The fact that people [who are] vaccinated are dying at significantly lower rates -- almost no vaccinated people die from COVID -- is something we should celebrate, but we don't frame it in that way. We allow the message to be misconstrued by using bad language.
Those I think are important things to keep in mind, that we need to fight back against these profiteers who are stoking these fears, but we also need to be mindful of the way we are communicating and the failings of our own ability to be transparent, educate the public, and serve the public good.

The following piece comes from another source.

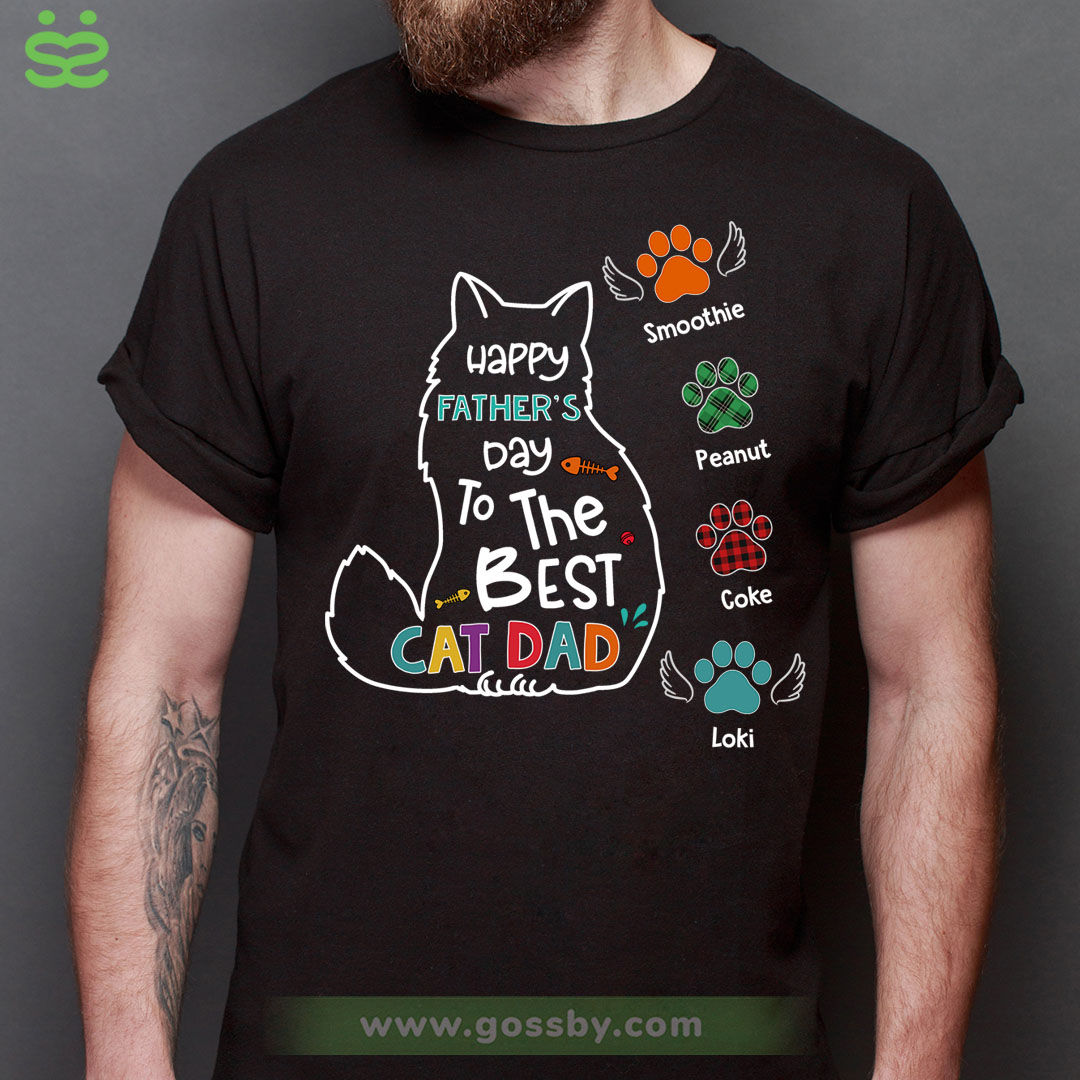 Personalized Shirt - Cat Shirt 4137B - Happy Father's Day To The Best Cat Dad 2_1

The public health emergency ended recently, and now to find ways to pay for COVID vaccines for people and COVID treatments like Paxlovid that -- and are going to be even more expensive, Pfizer has said -- that people are not going to be able to afford. We're putting profit first as always, because it's a for-profit system, and why would a patient, who needs healthcare, trust a medical institution, a pharmaceutical industry, and a government that is ending the emergency and taking away all of these provisions -- that we clearly can provide, because we've done it for the last 3 years -- and now forcing people to pay for healthcare that they can't afford, and pay for vaccines that they're not going to have access to? Even my clinic is struggling to figure out how much vaccine we can get for COVID or for the new RSV immunization.
So I think these are real structural problems that the medical system and the government and our elected officials need to contend with.